On-disk encryption prototype for OpenStack Swift

A few months ago, I described the design of on-disk per-user encryption of objects in Swift, so I’m excited to announce a first working prototype of this feature. It has very basic functionality at the moment, but most of its components are pluggable and can be enhanced or replaced with more advanced versions. We already have a backlog of improvements to work on, and hope to get even more ideas from community discussions.

The prototype’s code—based on the 1.7.5 version of Swift—is published at our Github account.

OpenStack Swift code modifications overview

We’ve modified an ObjectController class of the object server application in two parts: disk read and write procedures. We also added several components. The changed classes are summarized in the following diagram:

The code for the new components is organized as follows:

• swift/common/key_manager
  The directory containing the code for key management.
• swift/common/key_manager/drivers/
  The directory containing the code of the key storage drivers.
• swift/common/middleware/key_manager.py
  The module containing the filter for the proxy-server application that communicates with the key store back-end.
• swift/obj/encryptor.py 
  The module containing the object encryption functions.
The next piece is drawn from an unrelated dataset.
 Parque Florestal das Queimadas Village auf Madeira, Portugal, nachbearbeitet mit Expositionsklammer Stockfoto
Encrypting the OpenStack Swift object server

To get the object server with encryption support up and running, you will need to make modifications to some configuration files. First is the /etc/swift/object-server.conf file. A sample configuration for an encryption-capable object server is included with the code. The most important parameters set in this file with regard to encryption are:

• crypto_protocol
  This parameter defines which encryption protocol/algorithm will be used. Currently, prototype implementation supports only the AES-128-CBC protocol, which corresponds to the aes_128_cbc value of the parameter.
• crypto_keystore_driver
  This parameter defines the back-end used to store and retrieve keys. Prototype implementation only supports the SQLAlchemy back-end, which stores keys in SQL DB, so set this to sql.
• crypto_driver
  This parameter defines which encryption driver will be used. CryptoDriver is the default value in the prototype.
• crypto_keystore_sql_url
  This parameter contains the SQL connection string used by the SQL key store driver to connect to the DB. This parameter is specific for the sql key store back-end.
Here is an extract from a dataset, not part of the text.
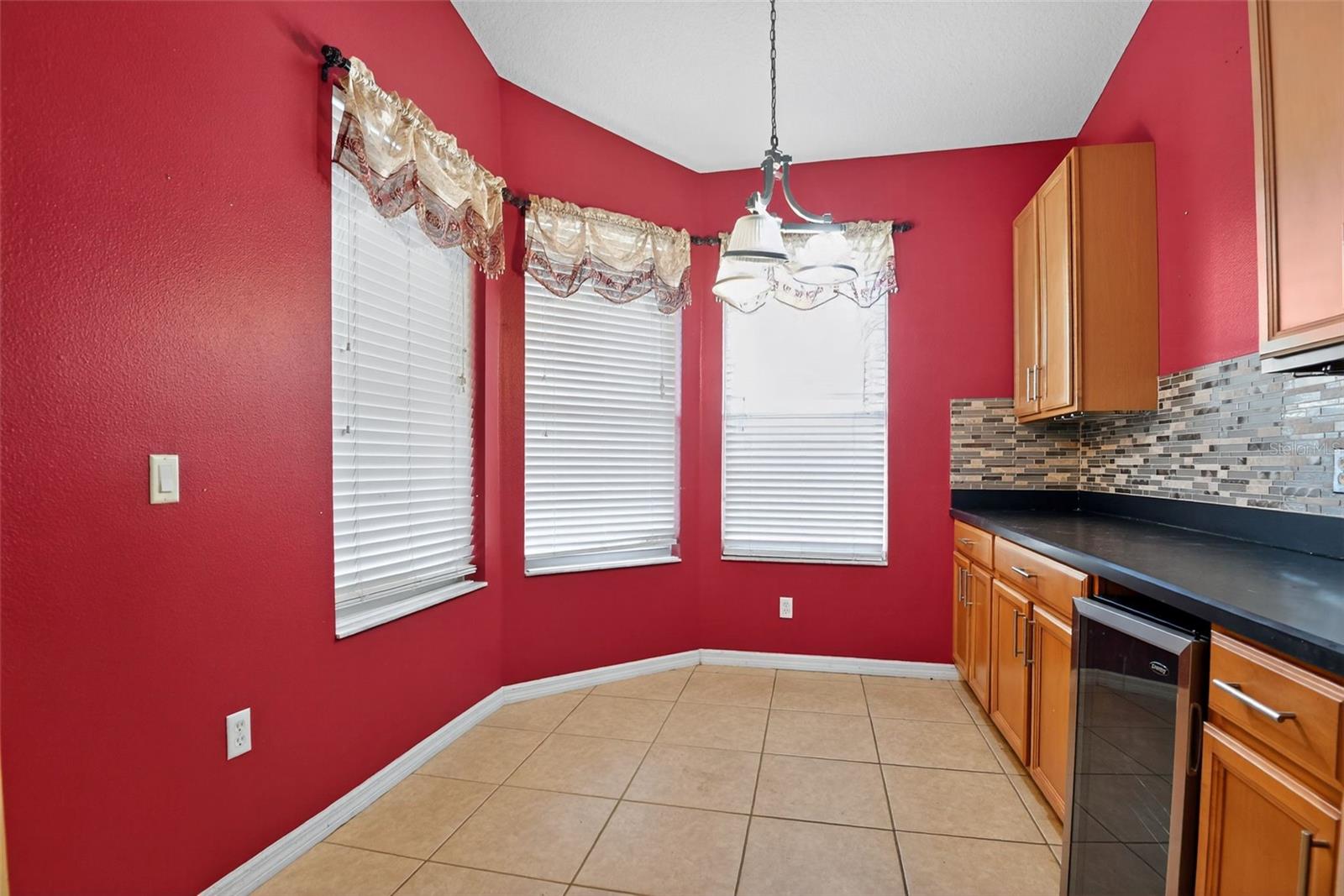 CRYSTAL COVE - Residential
Key management in the OpenStack Swift proxy server

In the original design, the only operation performed by the proxy server key management filter was retrieval of a key ID to pass with the object upon a write or update operation. However, in our prototype implementation we’ve made generation of the key string itself a part of the key-manager middleware. Obviously, this is a less-than-optimal solution from the security point of view, since in any production environment, generation of key strings must be performed on demand by the key server.
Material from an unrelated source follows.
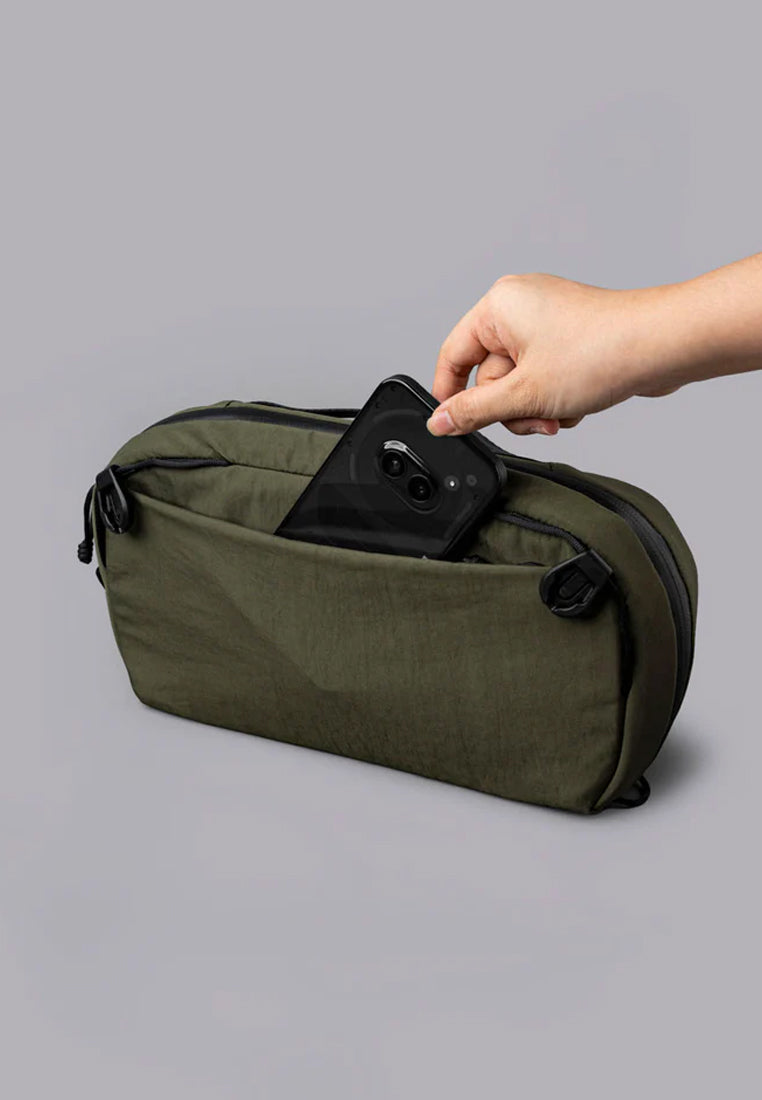 Alpaka Eclipse Gaming Sling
For prototype implementation, only SQL is supported as key storage on the back-end. The SQL driver in the key-manager middleware ensures key ID retrieval and generation in case no active key is found in the database. Configuration parameters for the proxy server closely resemble the ones for the object server:

• crypto_keystore_driver 
  This parameter defines the back-end used to store and retrieve keys. Prototype implementation only supports the SQLAlchemy back-end, which stores keys in SQL DB, so set this to sql.
• crypto_keystore_sql_url 
  This parameter contains the SQL connection string used by the SQL key store driver to connect to the database. This parameter is specific to the sql key store back-end.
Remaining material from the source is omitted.